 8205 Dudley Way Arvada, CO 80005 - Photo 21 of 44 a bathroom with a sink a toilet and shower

# # # # #

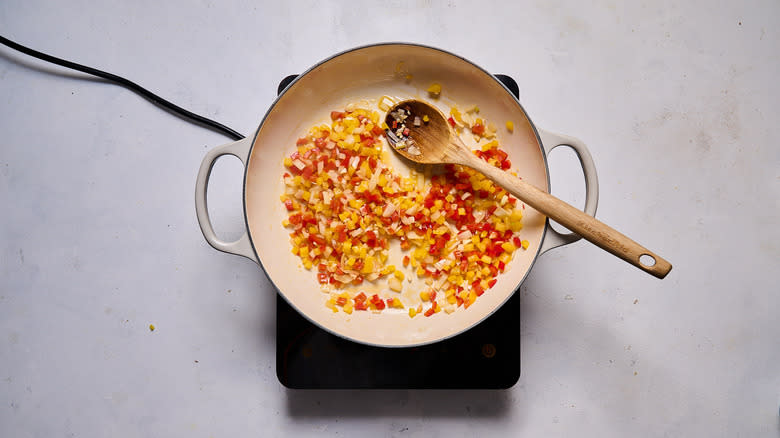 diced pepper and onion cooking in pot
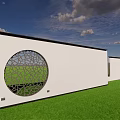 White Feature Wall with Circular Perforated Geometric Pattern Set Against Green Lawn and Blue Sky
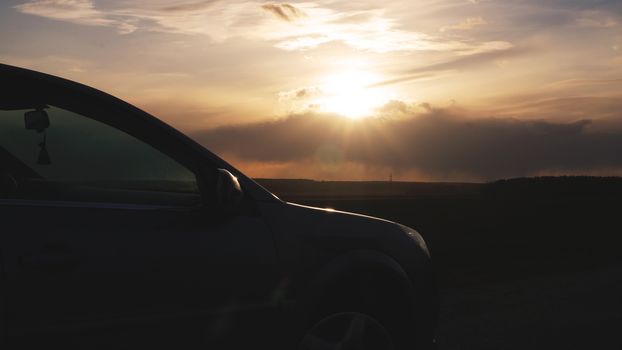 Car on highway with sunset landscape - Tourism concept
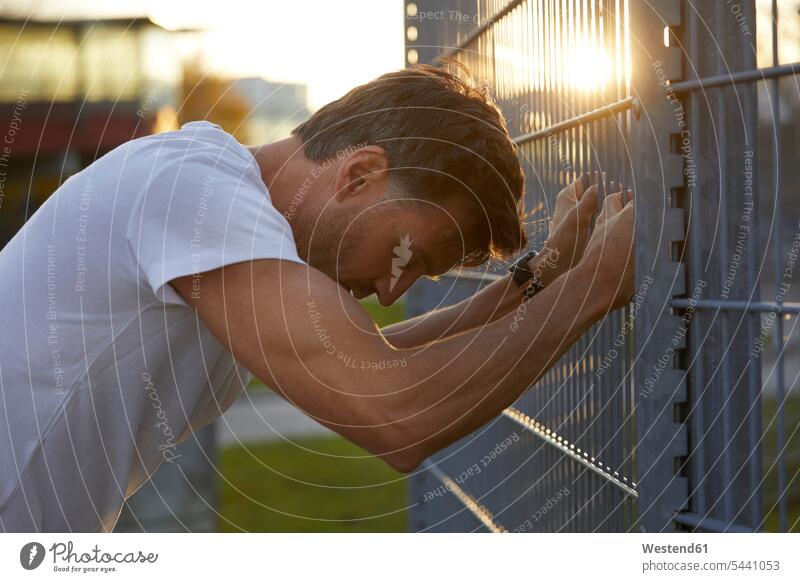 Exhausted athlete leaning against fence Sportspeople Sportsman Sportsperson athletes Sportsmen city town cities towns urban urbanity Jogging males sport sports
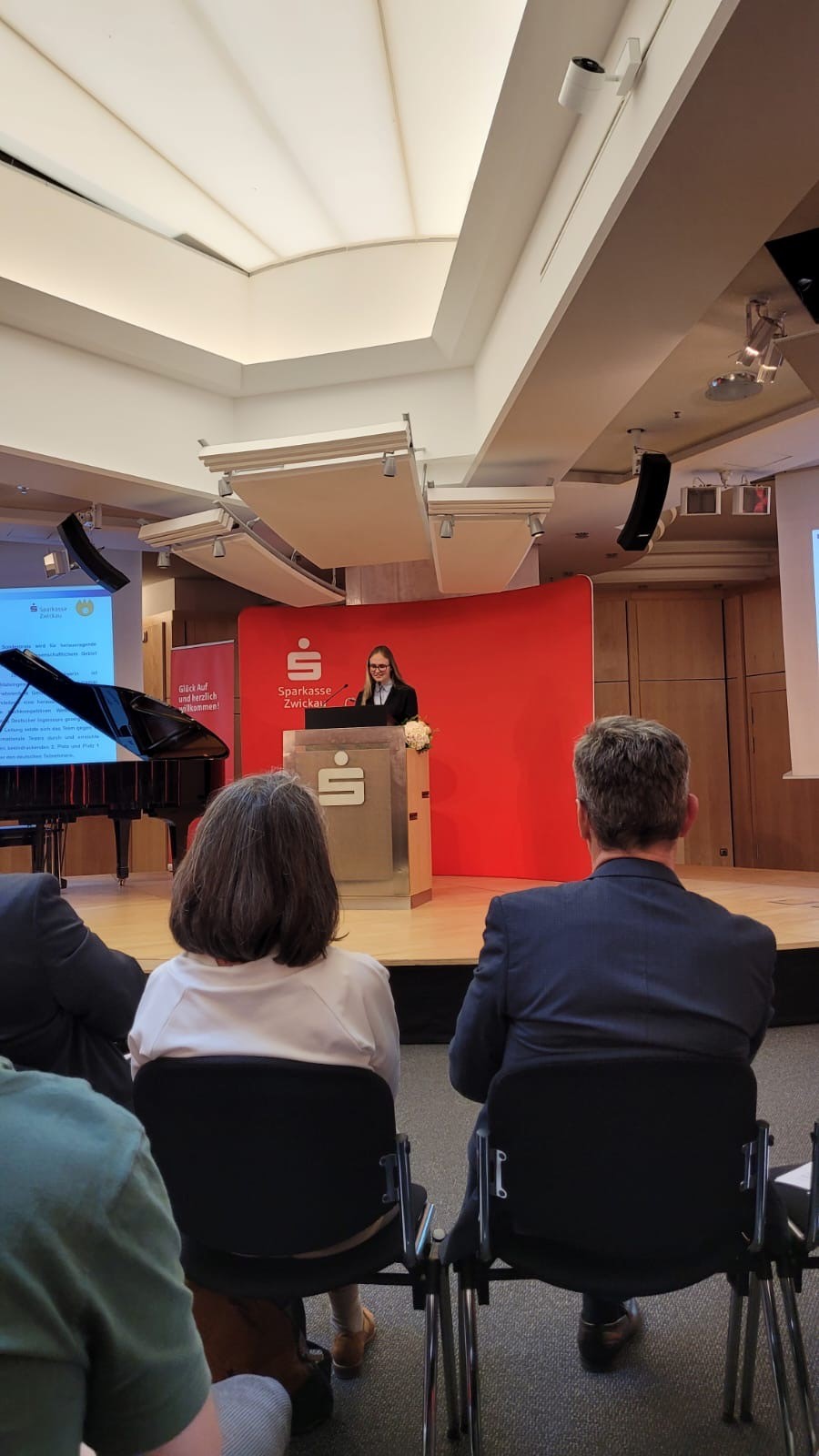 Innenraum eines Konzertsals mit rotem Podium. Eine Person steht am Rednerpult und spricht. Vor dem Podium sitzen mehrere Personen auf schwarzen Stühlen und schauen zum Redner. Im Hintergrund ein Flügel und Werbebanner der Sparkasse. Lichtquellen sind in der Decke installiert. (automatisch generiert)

# # # # #

§ TASK DIRECTIONS
Take the material above and output only the lines from the one that contains "diced pepper and onion cooking in pot" through the one that contains "Innenraum eines Konzertsals", ends included and images left out.

§ OUTPUT FOR THIS TASK
 diced pepper and onion cooking in pot
 White Feature Wall with Circular Perforated Geometric Pattern Set Against Green Lawn and Blue Sky
 Car on highway with sunset landscape - Tourism concept
 Exhausted athlete leaning against fence Sportspeople Sportsman Sportsperson athletes Sportsmen city town cities towns urban urbanity Jogging males sport sports
 Innenraum eines Konzertsals mit rotem Podium. Eine Person steht am Rednerpult und spricht. Vor dem Podium sitzen mehrere Personen auf schwarzen Stühlen und schauen zum Redner. Im Hintergrund ein Flügel und Werbebanner der Sparkasse. Lichtquellen sind in der Decke installiert. (automatisch generiert)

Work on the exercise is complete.